Thursday, July 26, 2007

Jackson Heights and Edison

I was told Jackson Heights in Queens was the Indians' version of Chinatown. Could not agree more. And nothing says "Indian" more than hilarious signs at shop entrances. You will appreciate me saying this, especially since I am from Pune, a city that has made shop sign composition an art form. Naturally I was tickled all sorts of pink when I saw this -



No foods (sic)... OK. No drinks... fine. But what could have possibly possessed the shopkeeper to write "no kulfi". It is likely that the sign just forbade food and drinks, but a lot of people(named either Narsimha or Dick Cheney) would walk in with kulfi and when stopped, argue that a kulfi is neither a food nor a drink. So our meticulous shopkeeper has now removed all ambiguity.

The other desitown I visited was Edison in New Jersey. Actually it is not so much desitown as it is gujjutown. The gujju experience started right in the NJ Transit train, with the two people seated opposite me talking in Gujarati and munching on gathiya. Edison itself really is Gujju beyond belief. A lot of the shop signs are in Gujarti, and we even saw several posters for a play called "Ba E Maari Boundary".

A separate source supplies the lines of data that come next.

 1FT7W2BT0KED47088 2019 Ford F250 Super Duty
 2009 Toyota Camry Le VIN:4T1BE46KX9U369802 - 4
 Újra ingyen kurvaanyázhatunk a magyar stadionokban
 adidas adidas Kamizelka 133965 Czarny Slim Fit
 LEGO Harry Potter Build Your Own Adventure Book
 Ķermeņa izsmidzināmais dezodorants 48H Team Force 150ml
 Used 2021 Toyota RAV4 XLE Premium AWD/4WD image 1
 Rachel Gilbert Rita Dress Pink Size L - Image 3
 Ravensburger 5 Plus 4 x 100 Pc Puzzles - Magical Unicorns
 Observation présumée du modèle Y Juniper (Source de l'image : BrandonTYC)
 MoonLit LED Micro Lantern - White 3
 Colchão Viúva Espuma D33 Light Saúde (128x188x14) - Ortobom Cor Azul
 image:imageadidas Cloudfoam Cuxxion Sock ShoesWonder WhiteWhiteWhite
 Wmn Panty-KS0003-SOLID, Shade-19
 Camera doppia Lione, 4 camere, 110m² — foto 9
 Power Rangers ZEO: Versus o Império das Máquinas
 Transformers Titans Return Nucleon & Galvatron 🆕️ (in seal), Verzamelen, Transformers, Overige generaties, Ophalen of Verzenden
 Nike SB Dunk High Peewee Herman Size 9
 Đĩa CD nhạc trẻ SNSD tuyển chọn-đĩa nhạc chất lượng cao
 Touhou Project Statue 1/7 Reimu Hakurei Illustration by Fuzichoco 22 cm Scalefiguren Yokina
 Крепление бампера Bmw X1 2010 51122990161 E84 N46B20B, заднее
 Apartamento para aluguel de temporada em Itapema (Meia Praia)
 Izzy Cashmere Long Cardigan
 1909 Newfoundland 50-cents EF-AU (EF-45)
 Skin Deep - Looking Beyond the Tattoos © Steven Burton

The visit to Edison (and even Jackson Heights) was not for pleasure but for engagement shopping. Every shop that we went to, my fiancee, who would usually have to be tortured to admit her Gujju origins, would start off in the language in the hope for discounts. And it worked too. What was annoying and amusing for me was that subsequently the shopkeepers would start talking to me in Gujarati too. In one shop I finally told them I was not Gujarati. The shopkeeper says,

"You are not Gujarati?"

"No"

"And she is?"

"Yes"

"What are you then?"

"Marathi"

"And you are getting engaged?"

"Yes"

"Hmmm".... he said with a barely concealed expression of disapproval and disappointment. I debated whether I should ask him if he would support a decree against aapro dikris marrying non-Gujaratis. But I reckoned the joke would fly right over his head.

After spending a couple of hours in Edison shops... each and every one seemed to be run by a Gujarati... my fiancee and I finally decided to get over the experience by walking into a distinctly Pakistani restaurant and having nothing but cow meat.